Most of the House battlegrounds this year are on Republican turf, simply because that was the territory that Democrats “conquered” in 2006 and 2008. Specifically, these seats have, on average, a PVI of R+4. That means that Republican candidates for President there in 2004 and 2008 received about 4 more points than they did nationwide, and the Democratic candidate, 4 fewer points.
So, to “translate” the NPR poll to a nationwide, generic ballot poll, you’d probably want to add 4 points to the Democrats’ total, and subtract 4 points from the Republican poll. This would imply that the POS/GQR poll is consistent with a generic ballot result of about Democrat 46, Republican 43. That’s within the margin of error of an average of generic ballot polls.

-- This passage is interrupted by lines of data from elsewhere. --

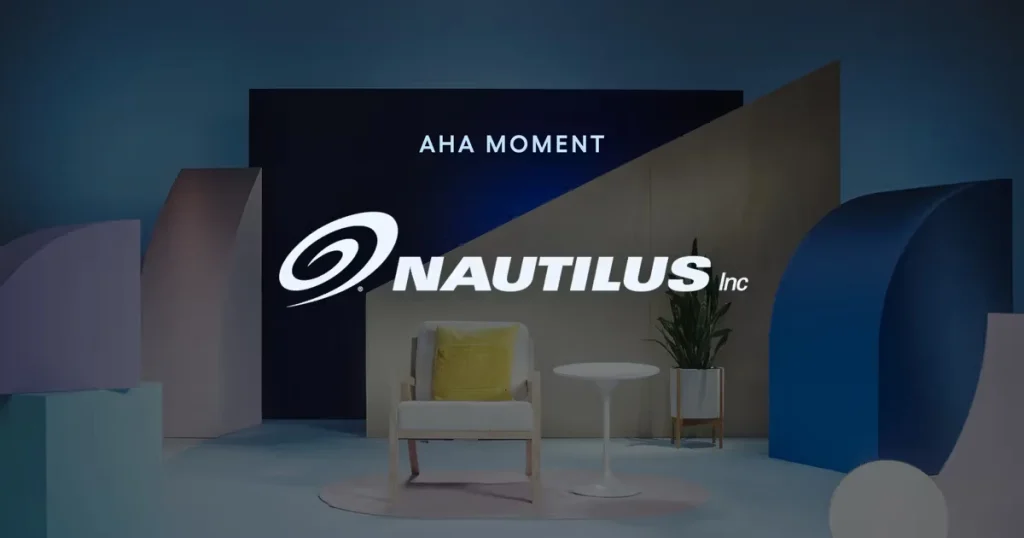 Nautilus, Inc.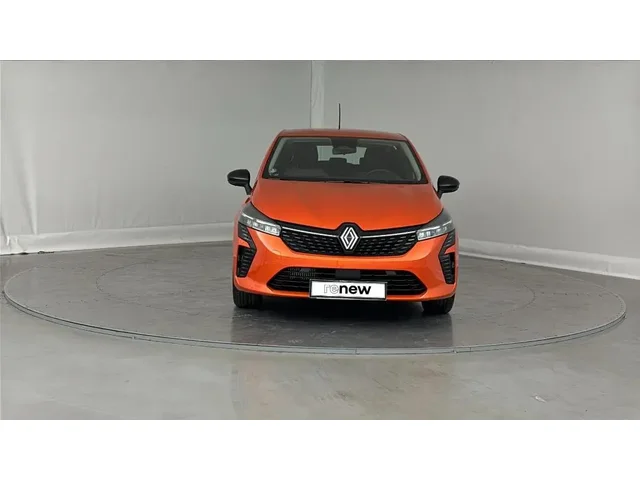 Occasion Renault Clio à WORMHOUT chez RENAULT | WORMHOUT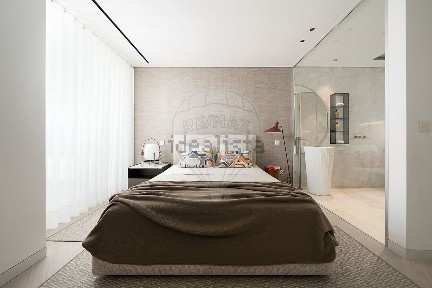 Apartamento T3 à venda na Aldeamento Vilar do Golf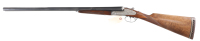 Ugartechea Parker-Hale' Sidelock SxS Shotgun - 6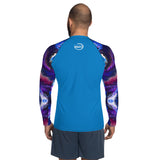 Men's UV Rash Guard - Thermacool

Broadly speaking, this poll is consistent with the impression I have had of the House picture for almost a year now, which is that the over/under on the number of net Democratic losses is about 40 seats (i.e. they have about even odds of losing the House), with a 90 percent confidence interval of about +/- 20 seats. I also suspect that the race characterizations issued by Cook, etc., are about half a grade too optimistic for Democrats on average, e.g., a “toss-up” seat should be thought of as somewhere between toss-up and lean Republican, and a lean Democrat seat should be thought of as somewhere between lean Democrat and toss-up. But I’m looking forward to completing work on our House forecasting model so that we can be more exacting about this.